Katherine looked a bit surprised at the suggestion. “Do you really think that I should have told her? She was angry enough at me as it was—telling her a different lie about a father killed in Vietnam was pointless. And telling the truth would just have convinced her that I was insane. I did the only thing I could do after Jim died—I tried to get her sister back from Saul. And I failed.”
Her comment explained so many other things that I found myself unsurprised that Prudence was alive—or at least, that Katherine believed Prudence had survived the crash.

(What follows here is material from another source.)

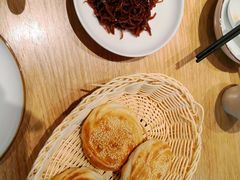 -山东宾馆·齐鲁苑餐厅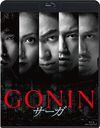 GONIN ̾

“It never occurred to me that either of the girls might be able to activate the key,” Katherine continued. “There had only been a few generations of CHRONOS historians and… well, it’s not as though we carried CHRONOS equipment around in public. If the children of historians had ever shown an ability to activate the equipment, it wasn’t something I’d been told.
“I kept my key in my jewelry box. I’m not sure why. I wouldn’t have left my family if it had suddenly become active, but I guess it was just a memento—a reminder of a world that seemed almost unreal to me by that time.” She paused for a moment. “And I knew that Saul had made a jump. He was stranded, too. He thought that destroying the stable point on the CHRONOS end would mean that he had free rein—that it would allow him to go from one stable point to the next, from one time to the next, without limits. And it might have worked, but… I still don’t know what happened that day. Wherever, whenever Saul landed, however, I’m quite sure he blames me for wrecking his plans.”

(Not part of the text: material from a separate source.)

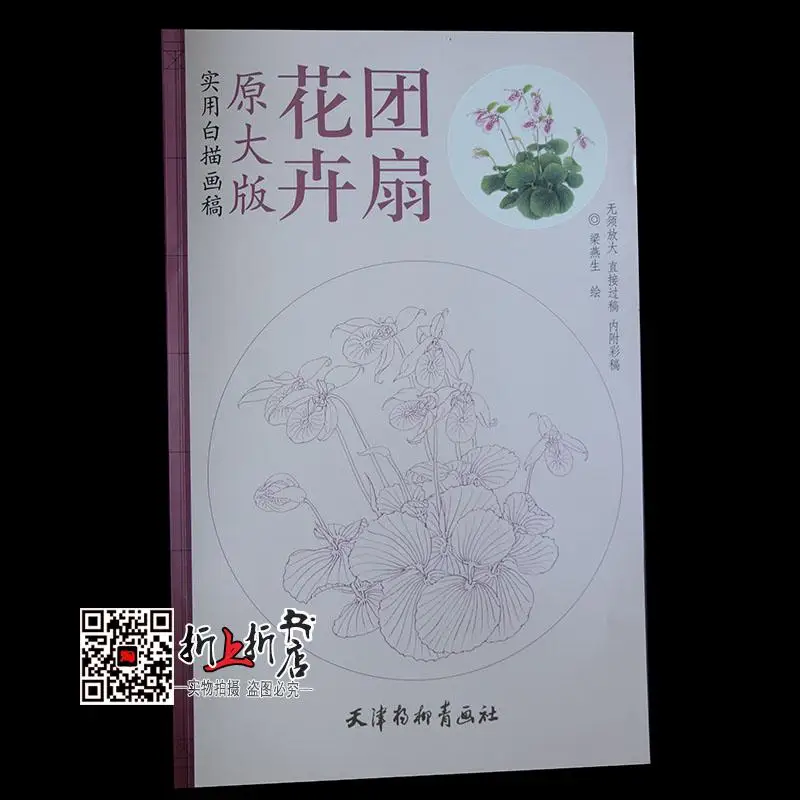 

The original version of practical line drawings Flower fan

Katherine toyed with the chain around her neck. “I never imagined that the key would be dangerous to the girls. Prudence found it a few months before she disappeared. She and Deborah were looking for old items to use as costumes for a school play. I don’t know how long Prudence held it or what she saw. I do know that she and your mother got into a rather nasty fight because Prudence insisted the medallion was glowing green and your mother couldn’t see it—she was convinced it was another of her sister’s little jokes.”
She was quiet for several seconds. “So what did you do?” I prodded.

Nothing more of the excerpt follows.